We’ve noted earlier that credit cards are an important source of funding to small enterprises. Many are not large enough to qualify for a normal bank business line of credit. And businesses often have short term cash flow need, particularly if they have an employee or two. If a customer payment comes in a late, using a credit card to stretch short term expenses can be very valuable.
We noted earlier that American Express had shut down its small business credit card area in December and January, which included a small business line of credit product.
Advanta contends that 90% of its customers have access to other credit. That begs the question of whether it is sufficient. But even granting that it is, that leaves 10%, of companies that colllectively had access to $500 million of credit stranded. If you assume $20,000 per company, that’s 25,000 businesses at risk. Advanta puts its number of customers at a million, so the number affected adversely could be 100,000.
Now given Advanta’s rather impressive losses: 20% uncollectable as of March 31. Note that this isn’t a matter of the corporation being broke but the owner still having dough; small business credit cards are personally guaranteed by the business owner.

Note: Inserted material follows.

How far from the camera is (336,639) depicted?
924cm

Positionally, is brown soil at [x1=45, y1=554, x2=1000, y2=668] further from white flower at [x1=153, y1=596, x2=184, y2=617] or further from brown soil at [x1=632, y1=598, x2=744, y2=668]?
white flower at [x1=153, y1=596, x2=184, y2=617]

But even though Advanta had colossally bad credit screening, it does not follow that all of its remaining customers are deadbeats.Nevertheless, the bank looks like it might be a goner, and it will probably take down some of its customers along with it.
From Bloomberg:
Advanta Corp., the credit-card issuer for small businesses, may leave 1 million customers scrounging to find new lenders and debt holders facing losses of 35 percent after the company shut down accounts to preserve capital.
Advanta will cease lending June 10 after uncollectible debt reached 20 percent as of March 31,… The lender earmarked $1.4 billion to buy back securitized card loans with offers of 65 cents to 75 cents on the dollar….
Advanta decided to cut off customers after “charge-offs” rose to twice that threshold, from 9.6 percent at year-end.
“The question is how many business owners depend solely on their Advanta credit card,” said William Dunkelberg, chief economist at the National Federation of Independent Business. While most probably have other sources of credit, self-employed entrepreneurs may have trouble getting a new card, he said. “Credit is harder to find than it’s ever been in this expansion,” said Dunkelberg, whose biography lists him as a former Advanta director…
“We’ll be shutting down accounts for future transaction activities, but many of the customers will maintain balances and pay us off over time,” Browne said yesterday in a telephone interview. “We’ll have to service and collect on that, and that will be the first order of business for the company.”
More than 90 percent of Advanta’s small business customers will have “adequate” access to alternative credit after the company halts lending, Browne said…
“Early amortization has been viewed as a catastrophic event for issuers,” Scott Valentin, an analyst at Friedman Billings Ramsey & Co., said today in a research note. Advanta’s filing said that the charge-off rate for uncollectible loans may increase after accounts are closed. Valentin said that’s likely because “the cards have substantially less utility to cardholders,” cutting the incentive to keep up with payments.
“They’re hoping they can stay alive barely until the environment changes,” said David Robertson, president of the Nilson Report, the Carpinteria, California-based industry newsletter. This is “a big sign that the credit-card industry has problems that are going to be around for several years.”
I think its time for a class action law suit against Advanta.